Cartão-postal da península de Salento e um dos pontos turísticos mais emblemáticos do litoral italiano, o arco natural era cenário frequente de pedidos de casamento, fator que consolidou o apelido romântico. Ironicamente, o desabamento aconteceu justamente em 14 de fevereiro, data em que diversos países celebram o Dia dos Namorados, associado à tradição de São Valentim.
O prefeito de Melendugno, Maurizio Cisternino, lamentou a perda. “É um golpe devastador. Um dos pontos turísticos mais famosos do nosso litoral e de toda a Itália desapareceu”, declarou.
Evento extremo em meio a cenário climático preocupante
A destruição do Arco Sant’Andrea não é considerada um episódio isolado. Após registrar algumas das temperaturas mais elevadas da história recente em 2025, o Mar Mediterrâneo enfrenta uma sequência de ciclones e tempestades cada vez mais intensos.

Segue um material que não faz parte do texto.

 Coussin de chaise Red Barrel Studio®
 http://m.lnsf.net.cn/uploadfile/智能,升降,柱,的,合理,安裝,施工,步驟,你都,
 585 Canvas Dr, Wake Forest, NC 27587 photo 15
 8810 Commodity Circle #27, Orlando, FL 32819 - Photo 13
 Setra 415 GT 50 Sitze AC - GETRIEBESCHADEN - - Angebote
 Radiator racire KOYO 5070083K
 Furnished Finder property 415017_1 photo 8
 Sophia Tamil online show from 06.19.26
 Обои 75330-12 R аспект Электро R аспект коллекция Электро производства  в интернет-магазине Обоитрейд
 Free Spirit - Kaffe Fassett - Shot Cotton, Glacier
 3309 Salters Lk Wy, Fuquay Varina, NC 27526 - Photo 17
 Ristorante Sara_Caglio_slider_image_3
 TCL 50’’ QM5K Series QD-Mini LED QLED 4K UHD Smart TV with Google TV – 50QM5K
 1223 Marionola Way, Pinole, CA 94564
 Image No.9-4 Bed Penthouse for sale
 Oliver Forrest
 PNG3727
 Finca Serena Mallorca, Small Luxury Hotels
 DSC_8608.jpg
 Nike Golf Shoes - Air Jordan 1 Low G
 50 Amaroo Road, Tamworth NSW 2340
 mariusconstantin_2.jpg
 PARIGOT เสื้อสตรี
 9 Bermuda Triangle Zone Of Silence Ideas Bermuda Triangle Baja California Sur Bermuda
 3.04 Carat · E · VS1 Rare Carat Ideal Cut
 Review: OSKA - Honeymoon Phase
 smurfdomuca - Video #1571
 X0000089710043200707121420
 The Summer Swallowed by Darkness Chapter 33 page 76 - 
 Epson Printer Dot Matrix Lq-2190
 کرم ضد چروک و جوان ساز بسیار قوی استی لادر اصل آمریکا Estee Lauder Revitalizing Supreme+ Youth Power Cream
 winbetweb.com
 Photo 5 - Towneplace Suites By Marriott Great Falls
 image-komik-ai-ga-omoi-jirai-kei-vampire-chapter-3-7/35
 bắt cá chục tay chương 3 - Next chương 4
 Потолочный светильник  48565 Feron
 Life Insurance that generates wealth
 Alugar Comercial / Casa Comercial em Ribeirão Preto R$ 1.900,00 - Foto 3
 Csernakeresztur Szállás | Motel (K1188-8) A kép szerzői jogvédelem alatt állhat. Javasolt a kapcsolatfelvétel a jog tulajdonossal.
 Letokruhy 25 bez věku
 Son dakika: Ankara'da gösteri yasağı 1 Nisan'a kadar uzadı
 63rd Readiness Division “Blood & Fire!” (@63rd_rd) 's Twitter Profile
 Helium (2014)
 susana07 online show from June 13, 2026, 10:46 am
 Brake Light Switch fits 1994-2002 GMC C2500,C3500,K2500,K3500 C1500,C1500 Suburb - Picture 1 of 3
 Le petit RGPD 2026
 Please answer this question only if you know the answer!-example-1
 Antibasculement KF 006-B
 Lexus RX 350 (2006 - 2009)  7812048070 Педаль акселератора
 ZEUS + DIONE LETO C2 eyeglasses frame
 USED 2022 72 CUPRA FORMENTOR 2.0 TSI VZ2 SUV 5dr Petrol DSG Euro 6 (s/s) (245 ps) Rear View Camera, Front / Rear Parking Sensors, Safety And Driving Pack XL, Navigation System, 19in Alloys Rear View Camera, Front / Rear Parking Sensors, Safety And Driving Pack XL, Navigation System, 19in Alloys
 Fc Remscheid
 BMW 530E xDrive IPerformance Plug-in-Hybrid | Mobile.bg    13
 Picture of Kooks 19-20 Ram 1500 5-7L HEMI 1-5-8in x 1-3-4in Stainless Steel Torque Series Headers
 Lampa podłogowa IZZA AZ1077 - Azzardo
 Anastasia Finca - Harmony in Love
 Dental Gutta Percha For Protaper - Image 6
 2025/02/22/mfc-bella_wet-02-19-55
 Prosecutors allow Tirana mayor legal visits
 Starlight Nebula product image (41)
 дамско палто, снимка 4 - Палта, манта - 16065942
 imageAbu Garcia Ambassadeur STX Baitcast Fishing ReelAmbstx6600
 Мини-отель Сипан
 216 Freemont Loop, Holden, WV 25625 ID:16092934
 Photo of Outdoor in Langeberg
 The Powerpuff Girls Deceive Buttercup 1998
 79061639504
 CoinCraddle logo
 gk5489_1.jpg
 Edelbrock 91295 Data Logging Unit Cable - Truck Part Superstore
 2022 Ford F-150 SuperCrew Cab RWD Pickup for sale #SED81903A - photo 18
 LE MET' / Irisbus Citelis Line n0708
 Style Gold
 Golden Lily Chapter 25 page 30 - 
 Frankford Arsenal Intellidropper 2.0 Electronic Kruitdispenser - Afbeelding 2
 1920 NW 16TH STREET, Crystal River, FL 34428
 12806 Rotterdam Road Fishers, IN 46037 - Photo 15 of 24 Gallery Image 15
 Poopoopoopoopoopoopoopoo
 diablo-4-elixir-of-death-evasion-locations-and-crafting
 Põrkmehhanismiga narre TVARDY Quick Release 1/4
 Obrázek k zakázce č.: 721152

Em 25 de janeiro, o ciclone Harry provocou estragos severos na cidade de Niscemi, na Sicília, abrindo uma fenda de aproximadamente quatro quilômetros que engoliu ruas, casas e veículos.
Especialistas alertam que as tempestades mais violentas no Mediterrâneo têm registrado ventos de até 100 km/h e ondas que podem alcançar 15 metros de altura, um cenário que reforça os impactos das mudanças climáticas na região.